The laser ablation process can be done robotically or by an operator. Miller says part of the beauty of the system is that the training is simple and takes only two to four hours to learn (because of the built-in look-then-fire aspect).

Miller says that there are few coatings the technology cannot handle, although some coatings come off faster than others. Not surprisingly, ceramic and glass coatings are among them. The company conducted successful demonstration tests for removing thermal barrier coatings from power-generation turbines. (Unfortunately, the process was not adopted for non-technical reasons.) The system is being used to remove vitrified silicates from helicopter turbines, a contamination that develops when sand and dust get sucked into hot engines when they fly low in certain environments.
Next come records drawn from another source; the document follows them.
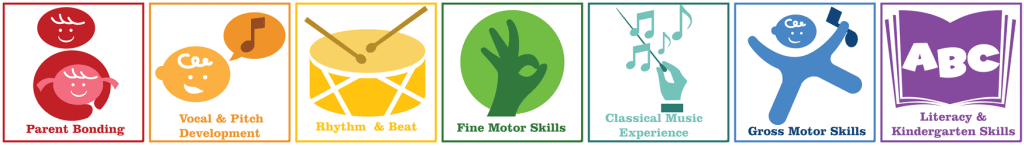 Parent Bonding, Vocal & Pitch Development, Rhythm & Beat, Fine Motor Skills, Classical Music Experience, Gross Motor Skills, Literacy & Kindergarten Skills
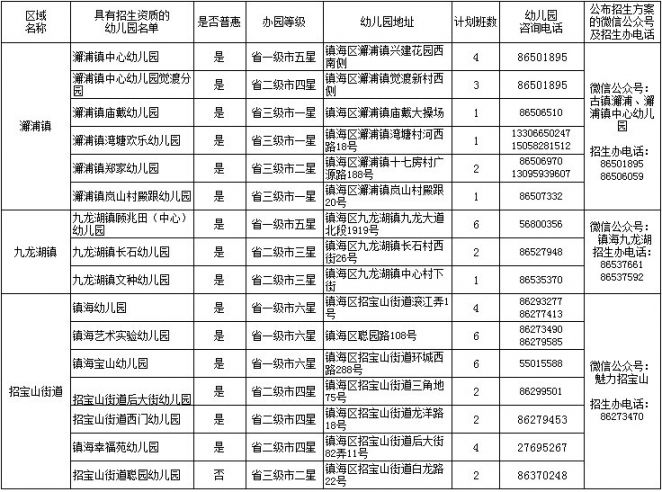 2021年鎮海區具有招生資質幼兒園名單一覽(附辦園等級)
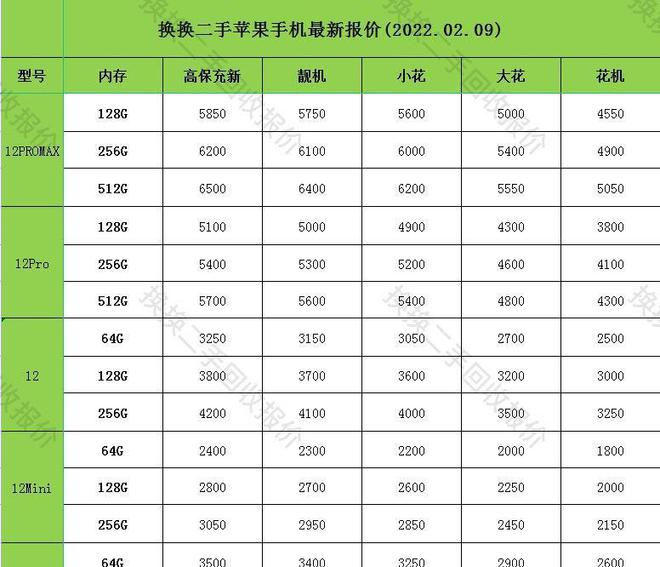 苹果6手机店回收价格手机二手市场苹果6s回收大概值多少-第2张图片-亚星国际官网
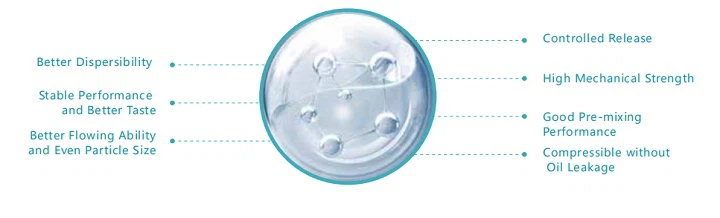 Micro-Encapsulation of Solid Powder Advantages Micro-Encapsulation of Solid Powder Advantages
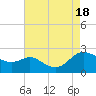 Middle Hooper Island tide chart for Thursday, August 18, 2022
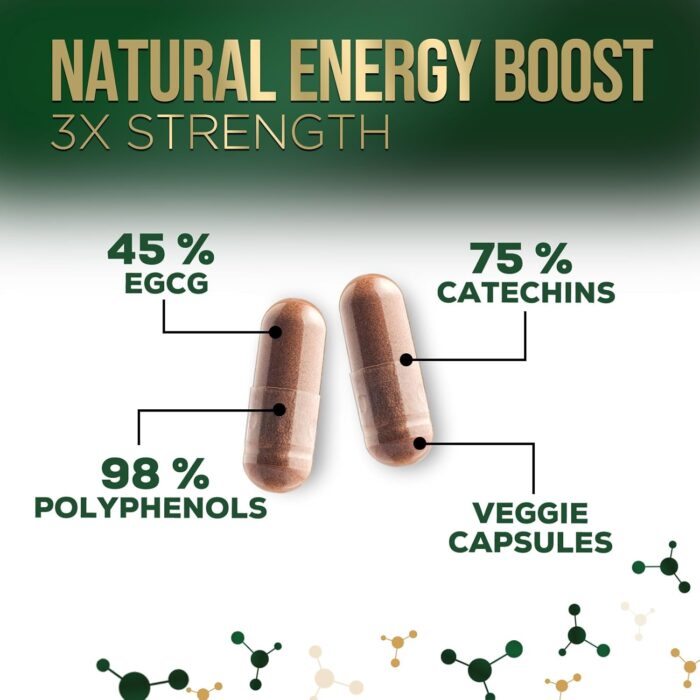 Green Tea Extract Supplement Pills 1000mg - 98% Standardized EGCG with Polyphenols - 3X Strength for Natural Energy - Supports Heart and Antioxidant Health - Nature's Gentle Caffeine - 60 Capsules - Image 4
The competing methods for surface layer removal are various forms of blasting (grit, plastic, sand, etc.) and chemical solvents. Both of these generate large amounts of solid waste, according to the GLC’s website, and an example is provided for paint removal. Media blasting can generate about 4.1 pounds of solid waste for every pound of paint removed and solvent stripping generates about 9.1 pounds (plus 165 pounds of liquid waste). In contrast, the laser process generates 0.5 pounds of solid waste for every pound of paint removed.

Other applications that the company is pursuing are nuclear decontamination, surface cleaning for joining processes—such as friction stir welding and composite bonding—and manufacturing equipment maintenance. Miller says that tests show that cleaning the bonding surfaces of composites showed the process “made a significant contribution to the bonding strength.”

GLC is not alone in this marketplace. The Edison Welding Institute (Columbus, Ohio) just announced that it has developed a laser-based paint stripping system. The website is light on details, but the video demonstrates that the system also has a color sensing capability and that the laser can be precision controlled to make patterns, like checkerboards.